The next day, my uterus decided it was time to end my life so I waited for it to kill itself and then hopefully, I’d just die and the pain would go away. It didn’t kill itself, I didn’t die but damn, I had a fever in Liberia and I was freaking out. One day, I will write about being female and burdened with this monthly monster I must entertain.
I’d like to continue my Liberian story. It was a Friday morning and I was to get on a flight back to Nigeria and so I dragged what was left of my fever ridden body to the airport. Before you can proceed to the boarding terminal, your temperature had to be taken and I was burning up. If I was found to be feverish, I would not be allowed to travel. I said a little prayer, I had prayed to Jesus to help reduce my temperature the entire drive to the airport while I doused myself with cold water from a bottle. I passed the temperature test and made it home. However, I couldn’t sit straight while I waited for the airplane, my fever ridden body had gotten too weak, I had to lower myself onto the airport bench— in Liberia.
This wasn’t my first time sleeping on an airport bench and but this time felt nothing like that morning in Nairobi where I had passed the night at a coffee shop with my new Singaporean friend. He had the kindest eyes I had seen on a man and decent command of English, watched Anime and wrote like he had ink from the gods (I had a serious case of writer boner). Around 3am, we ordered Bolognese, we ate, drank coffee and talked about almost everything. We left the coffee shop at 6am and decided to take a nap on an airport bench. This time, I wasn’t weak with fever but with attraction. We didn’t get any sleep, we ended up talking all morning and when I look back, I want to smack myself for not exchanging phone numbers with him.
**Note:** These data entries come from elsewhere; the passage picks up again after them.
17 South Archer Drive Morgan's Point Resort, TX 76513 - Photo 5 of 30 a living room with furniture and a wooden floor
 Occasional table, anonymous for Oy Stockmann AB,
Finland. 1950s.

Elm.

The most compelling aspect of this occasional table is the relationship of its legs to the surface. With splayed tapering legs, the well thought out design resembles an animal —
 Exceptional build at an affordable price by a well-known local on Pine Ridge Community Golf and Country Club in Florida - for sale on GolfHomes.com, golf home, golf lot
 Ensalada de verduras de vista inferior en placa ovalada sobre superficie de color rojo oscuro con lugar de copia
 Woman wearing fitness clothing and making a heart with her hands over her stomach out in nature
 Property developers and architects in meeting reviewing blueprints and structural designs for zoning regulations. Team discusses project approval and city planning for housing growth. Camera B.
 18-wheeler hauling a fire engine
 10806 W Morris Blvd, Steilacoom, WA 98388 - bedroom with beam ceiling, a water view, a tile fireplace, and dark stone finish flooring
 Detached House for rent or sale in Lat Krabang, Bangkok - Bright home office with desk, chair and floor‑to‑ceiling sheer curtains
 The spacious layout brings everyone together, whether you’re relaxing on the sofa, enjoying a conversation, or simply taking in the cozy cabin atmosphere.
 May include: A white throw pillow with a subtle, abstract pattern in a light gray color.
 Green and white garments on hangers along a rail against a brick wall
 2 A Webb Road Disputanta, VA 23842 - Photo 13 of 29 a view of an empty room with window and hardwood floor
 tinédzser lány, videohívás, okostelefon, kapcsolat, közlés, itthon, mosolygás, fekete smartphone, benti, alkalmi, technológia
I cannot tell the story of 2017 in chronological order because life didn’t ask my permission before it happened to me. Life sometimes catches up with you like an unruly market urchin stupidly groping you in the middle of Balogun market.
In 2017, I made a new friend. We went to the beach and meditated, swapped stories about our anxieties and comforted one another. It was a friend ship that survived on conversation and silence, our words were the hugs, the comforting pats on the back and the “I am proud of you” nods we shared. The silence was the bond. I love words and to a large extent, they are enough. This friendship was however, temporary.
At some point, I liked someone, invited him out and kissed him- that was good amongst other random things.
I became friends with W, I love her. she saves me. She has taught me how to understand flirtation. Now I know when I am being flirted with and can respond without looking like I’ve got a seizure.
2017, the teacher.
In 2017, I learnt that I was an ambiverted weirdo and I am incredibly fine with that.
I learnt that I can be happy and sad at the same time, and that joy is not a feeling.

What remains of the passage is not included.